Former FBI agent Asha Rangappa @AshaRangappa_ has a smart post debunking the Nunes Memo, then takes it all back again with an op-ed on the NYTimes blaming us privacy activists. She presents an obviously false narrative that the FBI and FISA courts are above suspicion.

I know from first hand experience the FBI is corrupt. In 2007, they threatened me, trying to get me to cancel a talk that revealed security vulnerabilities in a large corporation's product. Such abuses occur because there is no transparency and oversight. FBI agents write down our conversation in their little notebooks instead of recording it, so that they can control the narrative of what happened, presenting their version of the converstion (leaving out the threats). In this day and age of recording devices, this is indefensible.

She writes "I know firsthand that it’s difficult to get a FISA warrant". Yes, the process was difficult for her, an underling, to get a FISA warrant. The process is different when a leader tries to do the same thing.

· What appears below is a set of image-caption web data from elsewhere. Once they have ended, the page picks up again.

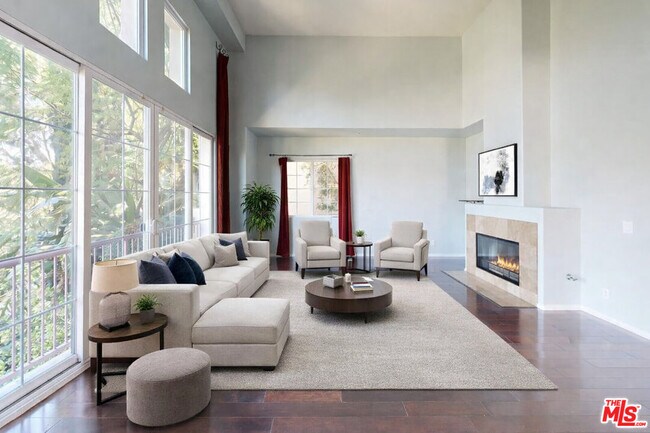 Building Photo - 5655 Como Cir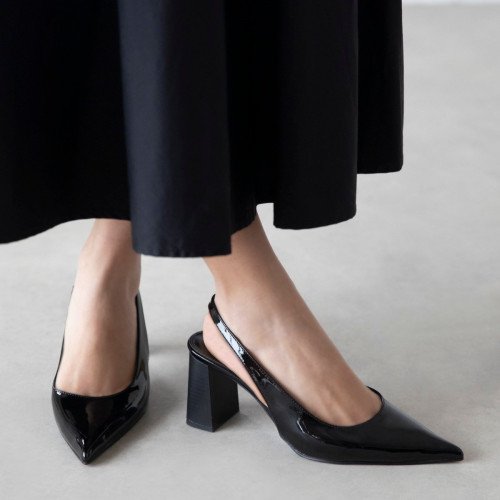 Vera Black Rougan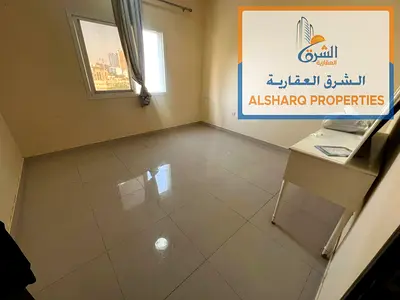 غرفه وصاله تاني صف من الكورنيش _ مضيئه بالكامل _ تشطيبات ومساحات واسعه _ قريبه من كل الخدمات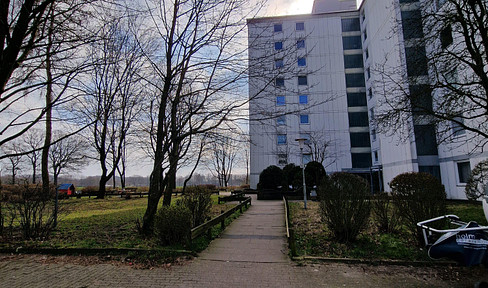 VHB - Spacious (rented) condominium in Norderstedt with optional underground parking space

I know this first hand having casually worked as an outsider with intelligence agencies. I saw two processes in place: one for the flunkies, and one for those above the system. The flunkies constantly complained about how there is too many process in place oppressing them, preventing them from getting their jobs done. The leaders understood the system and how to sidestep those processes.

That's not to say the Nunes Memo has merit, but it does point out that privacy advocates have a point in wanting more oversight and transparency in such surveillance of American citizens.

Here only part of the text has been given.